Beim anschließenden Austausch interessierten sich die Zuhörenden besonders für die Möglichkeiten des Persönlichen Budgets, das in Deutschland unter anderem die Umsetzung von Persönlicher Assistenz (sie kann sowohl im Arbeitgebermodell als auch im Dienstleistungsmodell genutzt werden) ermöglicht. Mit diesem Modell können Menschen mit Behinderung ihren Unterstützungsbedarf in nahezu allen Lebensbereichen organisieren und ein Höchstmaß an Selbstbestimmung erreichen. Sowohl in Irland als auch in Österreich gibt es ebenfalls Formen des Persönlichen Budgets. Sie sind aber bei weitem nicht so umfassend wie hierzulande. 

Teilnehmerin

Dr. Rahel More während des Austauschs
Im Anschluss an die Vorträge wurden Besonderheiten der Teilhabe in den verschiedenen Ländern beispielhaft verglichen (li: Studierende, oben: Dr. Rahel More, re: Prof.Dr. Eßer.

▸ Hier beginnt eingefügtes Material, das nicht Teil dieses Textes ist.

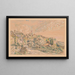 Saint-Paul-de-Vence - Paul Signac — ingelijst kunstwerk aan de muur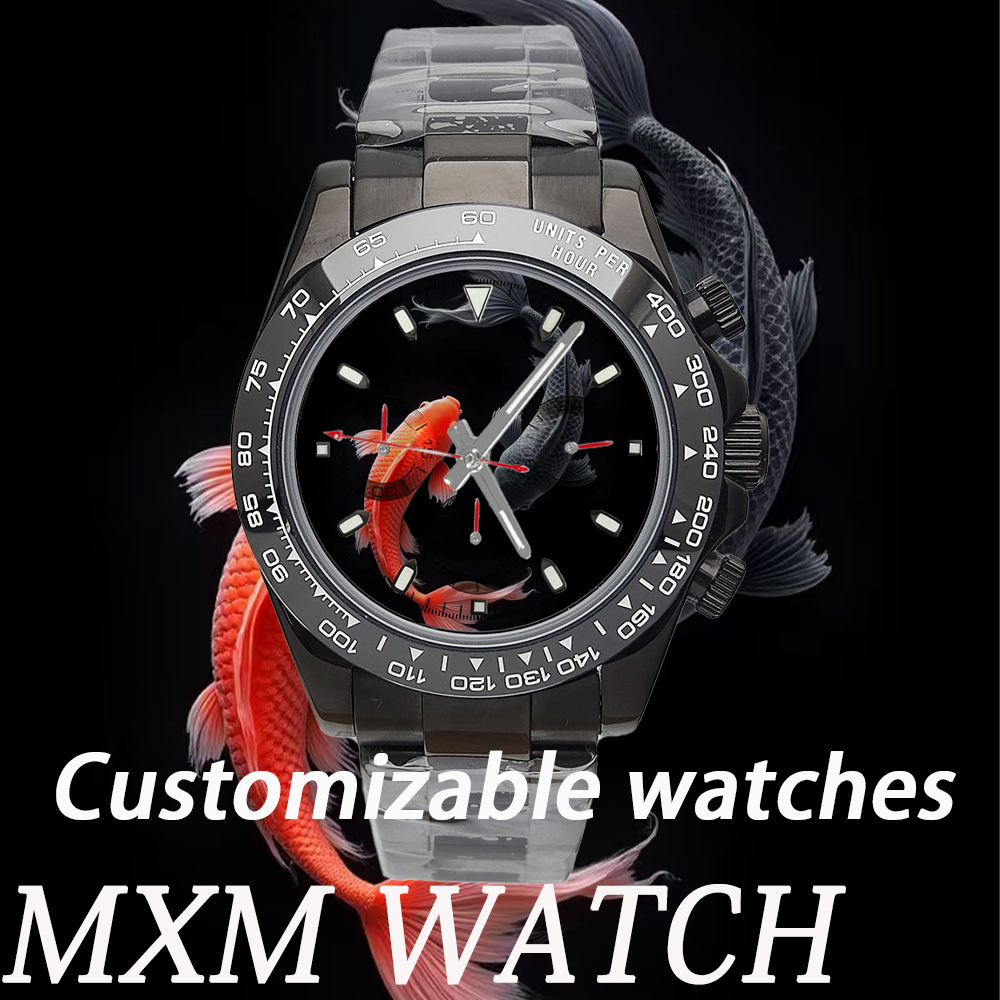 Watch Accessories - Özelleştirilmiş Yaratıcı VK63 Saat 39.3mm Erkek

In Österreich beispielsweise können Menschen mit anderen Lernmöglichkeiten noch kein Persönliches Budget beantragen. In Irland gibt es zwar ein Persönliches Budget, es ist aber nicht besonders bekannt und seine Beantragung kompliziert. 

Hier ähneln sich die Situationen über die Grenzen hinweg. Dass es in Deutschland auch nicht einfach ist, seine Bedarfe zu decken, machte Melanie Wegerhoff deutlich: Der Bedarf muss sehr genau begründet werden. Wenn sie und ihre Familie Freunde besuchen, wohnen diese eher nicht in der (hörenden) Nachbarschaft. Also muss für Besuche bei Freunden die Arbeitszeit und die Unterkunft der Assistenz finanziert werden. Da Kommunikationsassistenz jeweils einzeln gebucht und bezahlt werden muss bedeutet Soziale Teilhabe auch einiges an bürokratischem und zeitlichem Aufwand für sie persönlich. 

Katrin Hermsen, Eva von Koolwijk und Prof. Dr. Onno Husen von der Uni Münster als Veranstaltende bedankten sich im Nachhinein für den Beitrag der KSL.NRW zur Summer School. Prof Dr Husen fand das Gehörte sowohl informativ als auch berührend und inspirierend. 

Die Studierenden waren ebenfalls merkbar beeindruckt und selbst wenn sie derzeit noch nicht im Themengebiet arbeiten, wird die Summer School sicher langfristig auch auf ihre Sicht auf das Thema „Child welfare and disability“ Einfluss haben. Eine Studierende, die aktuell an der Planung eines inklusiven Spielplatzes in Münster mitwirkt, will sich mit dem KSL Münster in Verbindung setzen, um auch Eltern mit Behinderung in die Planung einzubeziehen.

 

Die beteiligten Dozent*innen und Mitorganisator*innen der Summer School 2025:

  • Professor Dr. Onno Husen, Katrin Hermsen und Eva van Koolwijk von der veranstaltenden Universität Münster
  • Professor Dr. Florian Eßer von der Universität Osnabrück
  • Dr. Rahel More von der University of Graz, Österreich
  • Professorin Dr. Susan Flynn, und Rose Doolan Maher vom Trinity College Dublin, Irland

Das Foto zeigt die Teilnehmer*innen, Referen*innen des Tages und Organisator*innen vor dem Münsteraner Schloss, wie sie gebärdensprachlich applaudieren: eine Geste, die vielen vorher noch unbekannt war.